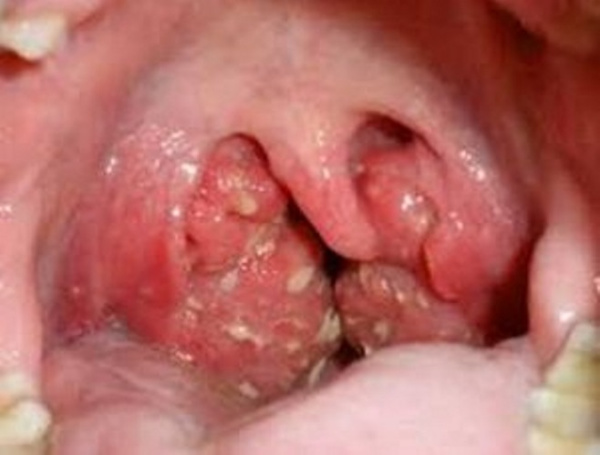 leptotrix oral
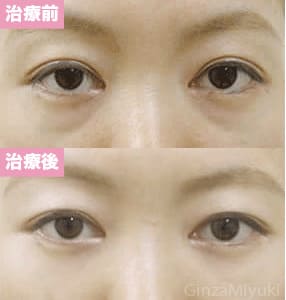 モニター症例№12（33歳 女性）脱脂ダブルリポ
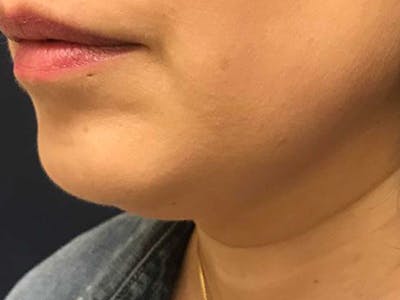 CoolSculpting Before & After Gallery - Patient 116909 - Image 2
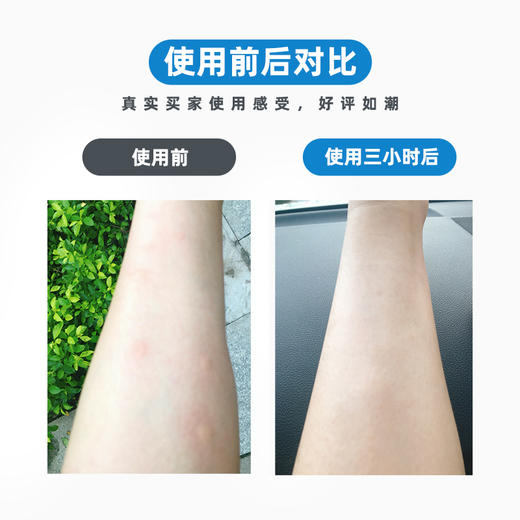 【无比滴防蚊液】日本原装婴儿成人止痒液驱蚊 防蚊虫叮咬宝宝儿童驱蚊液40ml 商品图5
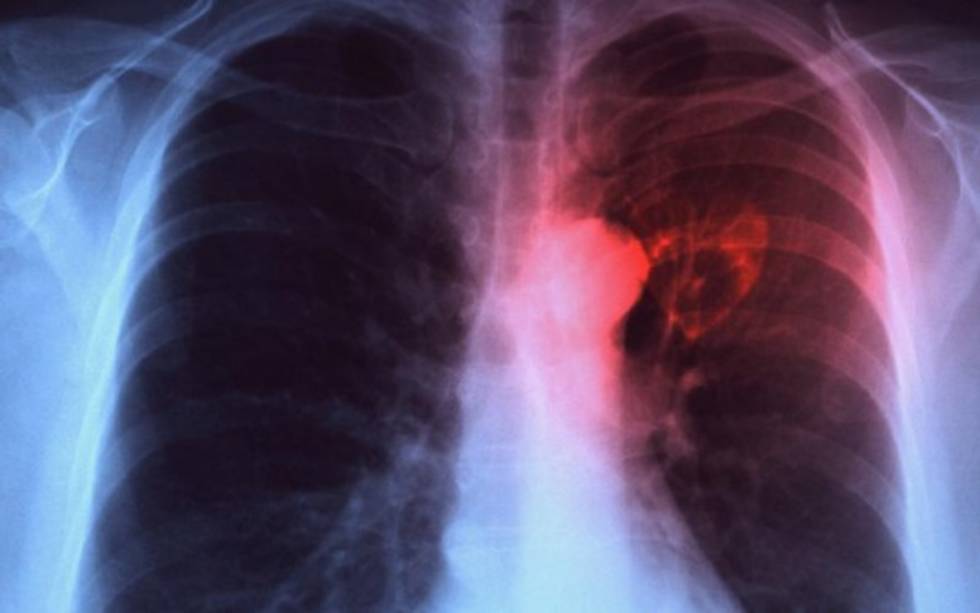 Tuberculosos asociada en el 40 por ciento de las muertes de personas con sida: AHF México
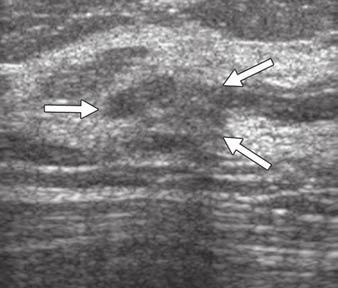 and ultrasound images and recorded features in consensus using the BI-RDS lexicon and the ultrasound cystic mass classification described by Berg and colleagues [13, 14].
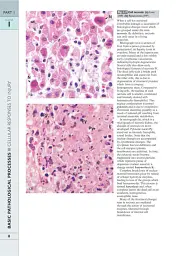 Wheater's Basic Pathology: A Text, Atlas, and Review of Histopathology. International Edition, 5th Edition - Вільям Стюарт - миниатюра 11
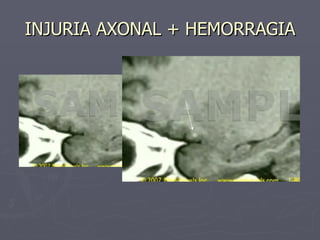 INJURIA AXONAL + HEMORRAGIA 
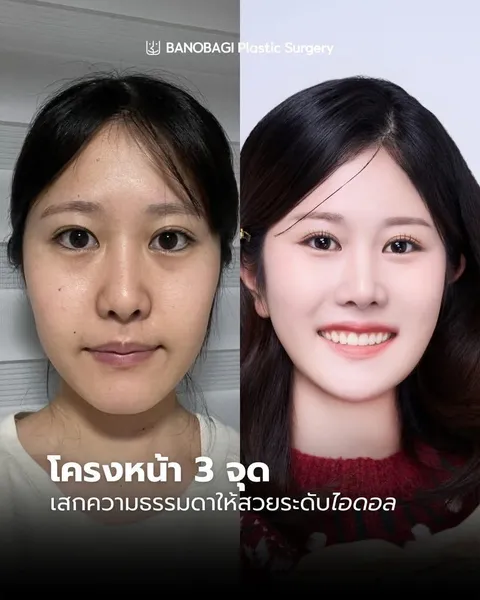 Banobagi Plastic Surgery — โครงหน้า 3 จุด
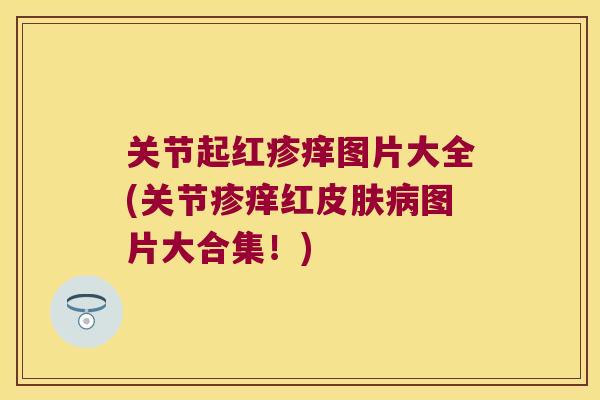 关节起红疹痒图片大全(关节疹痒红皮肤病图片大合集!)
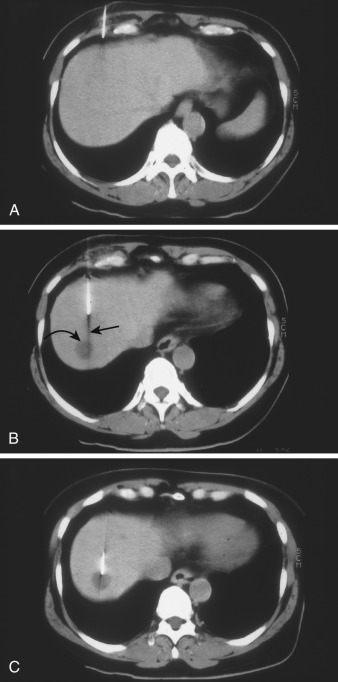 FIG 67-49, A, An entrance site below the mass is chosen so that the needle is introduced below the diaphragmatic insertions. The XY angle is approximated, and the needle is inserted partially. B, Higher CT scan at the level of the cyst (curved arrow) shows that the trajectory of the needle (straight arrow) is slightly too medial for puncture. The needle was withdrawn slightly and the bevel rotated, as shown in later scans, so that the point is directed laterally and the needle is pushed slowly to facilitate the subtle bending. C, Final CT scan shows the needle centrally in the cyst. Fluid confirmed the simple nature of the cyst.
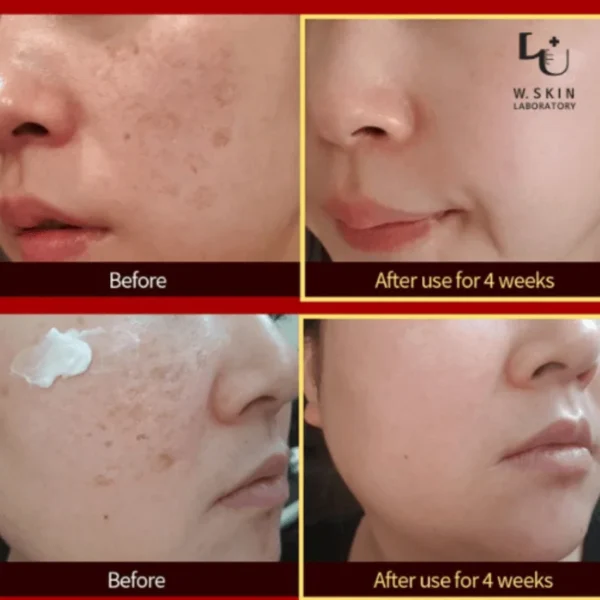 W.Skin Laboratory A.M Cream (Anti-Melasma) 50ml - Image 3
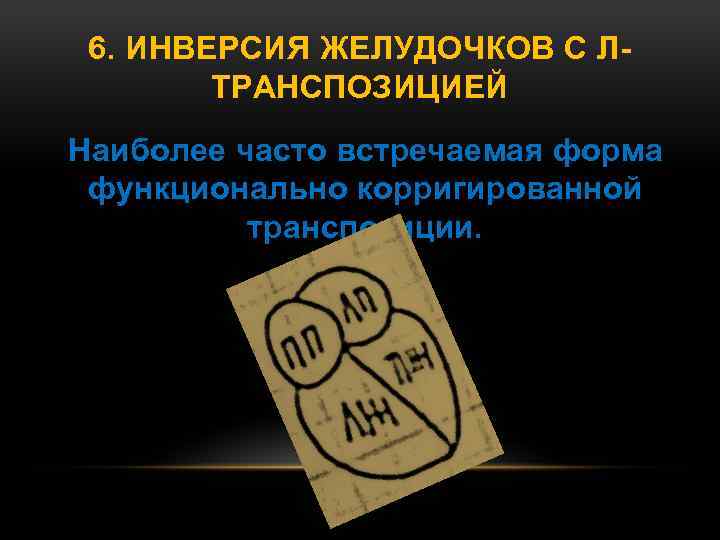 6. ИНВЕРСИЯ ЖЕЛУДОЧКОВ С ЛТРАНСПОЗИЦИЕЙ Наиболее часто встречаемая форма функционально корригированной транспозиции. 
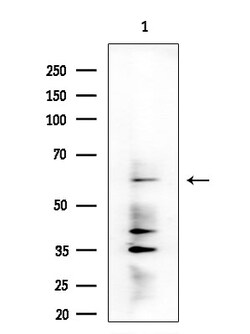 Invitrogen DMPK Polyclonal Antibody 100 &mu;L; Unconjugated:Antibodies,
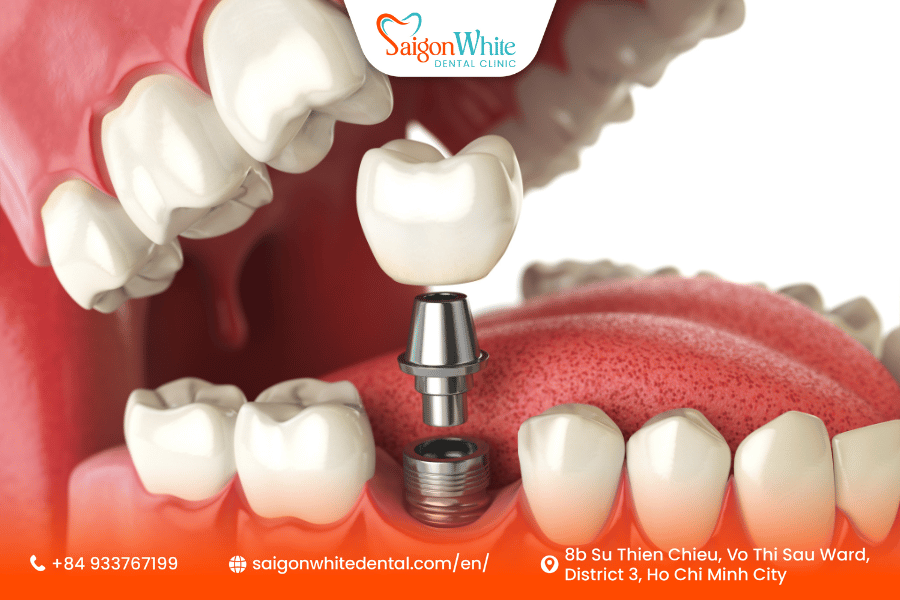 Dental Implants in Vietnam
----------------------------------------
— WORK TASK —
Repeat the records in full, precisely, and keep the pictures out.

— WORKED SOLUTION —
 leptotrix oral
 モニター症例№12（33歳 女性）脱脂ダブルリポ
 CoolSculpting Before & After Gallery - Patient 116909 - Image 2
 【无比滴防蚊液】日本原装婴儿成人止痒液驱蚊 防蚊虫叮咬宝宝儿童驱蚊液40ml 商品图5
 Tuberculosos asociada en el 40 por ciento de las muertes de personas con sida: AHF México
 and ultrasound images and recorded features in consensus using the BI-RDS lexicon and the ultrasound cystic mass classification described by Berg and colleagues [13, 14].
 Wheater's Basic Pathology: A Text, Atlas, and Review of Histopathology. International Edition, 5th Edition - Вільям Стюарт - миниатюра 11
 INJURIA AXONAL + HEMORRAGIA 
 Banobagi Plastic Surgery — โครงหน้า 3 จุด
 关节起红疹痒图片大全(关节疹痒红皮肤病图片大合集!)
 FIG 67-49, A, An entrance site below the mass is chosen so that the needle is introduced below the diaphragmatic insertions. The XY angle is approximated, and the needle is inserted partially. B, Higher CT scan at the level of the cyst (curved arrow) shows that the trajectory of the needle (straight arrow) is slightly too medial for puncture. The needle was withdrawn slightly and the bevel rotated, as shown in later scans, so that the point is directed laterally and the needle is pushed slowly to facilitate the subtle bending. C, Final CT scan shows the needle centrally in the cyst. Fluid confirmed the simple nature of the cyst.
 W.Skin Laboratory A.M Cream (Anti-Melasma) 50ml - Image 3
 6. ИНВЕРСИЯ ЖЕЛУДОЧКОВ С ЛТРАНСПОЗИЦИЕЙ Наиболее часто встречаемая форма функционально корригированной транспозиции. 
 Invitrogen DMPK Polyclonal Antibody 100 &mu;L; Unconjugated:Antibodies,
 Dental Implants in Vietnam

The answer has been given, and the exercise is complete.